I still take photos, but only in the mountains when I am hiking or climbing. I only shoot black and white, and with film. It works in Yosemite. When I was climbing El Cap in the 60s, I took pictures to document. Back then, if you could do the climb, you could take the photos and you were already in a good place. It’s not like today, where most things are set up. I was first a climber, then a photographer. Our pace back then was slow, not like today where it’s a big rush to get to the top. We were taking it all in we were at home. My favorite photo is my shot looking down on Royal at El Cap Spire.

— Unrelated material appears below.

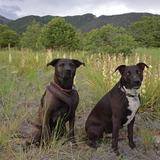 Entry image for Della Mae and Hank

Yvon and I, Royal, and those great philosophers from the “old era” were passionate about stewardship and taking care of the rock, the beauty of it and nature. We were all about Royal’s philosophy—how it’s not what you climb but how you do it that matters and most important to us was to leave the route in precisely the same excellent condition you found it in. We would leave no pitons behind, trying to apply the philosophy learned from Salathé. We tried to teach by our actions, and by our words.
I had been in Colorado for years, and it had been 37 years since I had done the Nose [second ascent]. I knew deterioration was an issue but was aware climbers had turned over to clean climbing. In 1997, I found the Nose in excellent condition. There were some minor issues that inspired me to write my piece for the AAJ, published in 1998. The last thing I wrote after that was my address at Innsbruck.
I never had a really scary moment. There are a couple of spots, though. I come unglued a little at the Cyclops overhang on the North America Wall. And when Royal and I went back to do the second ascent of the Salathé, the idea was for each of us to lead the pitches we followed the first time. He made me lead the Ear. The thought of it was terrifying, but it turned out to be easy just a mental problem. I’ll admit the roof at the start of the Salathé headwall is a little scary, too. But as I look back at the photos, I realize I really loved it up there. It was like going home every time we climbed El Cap. It was home.